Un "político" peruano, el doctor Manzanilla, declaraba en un reportaje que le hiciera un diario local de Lima, con motivo del golpe de estado de Sánchez Cerro, que los partidos políticos eran difíciles de organizar, porque se necesitaba mucho dinero para ello. Para el referido doctor, parece que todo en un partido es cuestión de alquilar casa para sede de comités, pagar alojamiento a oradores en jira, etc.; el partido, según ese señor, eran los centavos y solamente los centavos. Pero, como un severo mentís contra tan ligeras afirmaciones de Manzanilla, antiguo dirigente "civilista", se está organizando en el Perú el partido aprista peruano, que no cuenta con el aporte financiero de ningún latifundista, pero que está movido por algo más eficaz: por el apasionado entusiasmo de un vigoroso sector de hombres jóvenes, consagrados a sus ideales de liberación económica, social y política del pueblo peruano.

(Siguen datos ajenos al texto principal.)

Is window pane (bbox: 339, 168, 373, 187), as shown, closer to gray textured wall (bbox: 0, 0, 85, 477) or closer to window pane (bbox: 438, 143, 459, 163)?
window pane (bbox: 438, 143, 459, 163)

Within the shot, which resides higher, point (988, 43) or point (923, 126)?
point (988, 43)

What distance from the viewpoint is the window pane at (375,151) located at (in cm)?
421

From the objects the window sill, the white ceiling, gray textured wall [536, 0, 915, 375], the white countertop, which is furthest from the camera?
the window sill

Y ese partido será el más fuerte factor de superación; el aprismo peruano será el único organismo que pueda luchar contra el caudillismo, que tan pernicioso ha sido para el Perú, como para todos los países.

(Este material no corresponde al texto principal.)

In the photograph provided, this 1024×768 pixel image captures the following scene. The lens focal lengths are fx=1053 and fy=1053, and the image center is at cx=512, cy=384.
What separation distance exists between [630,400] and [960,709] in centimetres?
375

El aprismo peruano se ha formado, por los que hoy son sus promotores, en el destierro que les impuso la tiranía de don Augusto Leguía, el "civilista" que acaudilló a los peruanos cuando hartos de "civilismo" creyeron encontrar en él el salvador, que resultó de aquellos de quienes aconseja desconfiar el doctor Alfredo L. Palacios. El aprismo ha surgido de la reflexión serena, y sus cuadros se han formado como escuelas de líderes, y en esto acusa un certero criterio de observación social. Las multitudes necesitan un hombre que enarbole en sus manos sus aspiraciones, eso es incontrovertible. El aprismo se ha dado un jefe, que no es sino el más apto, pero no el único, y el aprismo presentará ante las multitudes a este hombre, que ha prestigiado a los peruanos en su país con su denodada lucha contra la tiranía y en el exterior manteniendo siempre en alto su protesta y esclareciendo sus problemas sociales y económicos, que en mucho son los de casi todos los pueblos de nuestra América. Ese líder de líderes es Haya de la Torre, que así será elevado a conductor de multitudes. El aprismo peruano no será el hombre, el aprismo peruano será la idea.

El aprismo, a través de la historia del Perú, no será lo que los anteriores partidos políticos; su vida no será la vida de su hoy máximo jefe: será si una etapa de la vida del Perú, porque sus hombres son líderes también y en su minuto sabrán tomar el comando: los lineamientos generales son directivas ideológicas tan avanzadas, que le permitirán renovarse con los nuevos tiempos: el aprismo será por muchos años la vanguardia del ideal en el Perú y en Indo América.

*Claridad. Revista de arte, crítica y letras, tribuna del pensamiento izquierdista. Año 9, Nº 219, Buenos Aires, 22 de noviembre de 1930.